Daughter of Smoke and Bone by Laini Taylor | Teen Ink

Daughter of Smoke and Bone by Laini Taylor

April 5, 2015
By Grey369 SILVER, Tulsa, Oklahoma
Grey369 SILVER, Tulsa, Oklahoma
6 articles 0 photos 4 comments

Favorite Quote:
Courage is what it takes to stand up and speak; courage is also what it takes to sit down and listen.

This book has always been mysterious to me. Dark and elusive, I had no clue what it was about until I actually picked it up and read it. And WOW! What a ride it was.
In third person POV, Daughter of Smoke and Bone follows Karou, a seventeen year old art student in Prague, the capital of the Czech Republic. If you don’t count the natural blue hair, hamsa tattoos she’s had since birth and the mysterious errands she goes on, she could almost be normal.
But she’s not normal. Karou has a secret life. She was raised by Brimstone, Issa, Yasri, and Twiga – creatures who aren’t completely human. They all have mixed appearances of animals. Brimstone is her main fatherly figure, and he sends her on missions around the world to collect teeth for him for an unknown purpose while he makes wishes as currency for the people who provide the teeth he sends Karou to collect.
Karou doesn’t know how she ended up living with them, and never really questioned her past. That is, until she encounters an angel on one of her missions. After that, her world is sucked up in a whirl wind of confusion and questions, and she finds herself unable to turn to Brimstone for help.
Overall, the plot was great. The major plot twist at the end was a little predictable, but unique at the same time. The characters were fantastic and very well fleshed out. While I didn’t care very much for Karou or Akiva, I immensely enjoyed the humorous yet fierce Zuzana Nováková and all of her hysterical quotes.

For example:
“My body may be small, but my soul is large. It’s why I wear platforms. So I can reach the top of my soul.”

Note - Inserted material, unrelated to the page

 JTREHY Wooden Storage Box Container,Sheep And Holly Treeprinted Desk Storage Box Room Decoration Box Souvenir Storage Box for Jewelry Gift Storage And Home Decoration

In general, I found Taylor’s writing style to be very lyrical and poetic. It was deep and soul touching and over all gorgeous. At the same time though, it’s understandable and it isn’t too twisted up that its complete nonsense. Another great thing that stood out to me in this book was the disconnection between religion and the “angels” & “devils”. It doesn’t bash believers or non-believers, but instead creates these creatures completely outside the realm of faith.
The romance in this book was acceptable. The couple didn’t quite have the chemistry that I look for in couples, but there was nothing against them either. Their love was a dominating force in the plot, but instead of taking away from the plot, the way most romances do, it made the story more like a breath-taking, romantic fairy tale. The story itself has its dark moments, and as the series continues on, it explores the aspects and effects of war. Personally, I wish I could relate to Karou better but will give this book 4/5 stars. I would suggest it to people over the age of 13.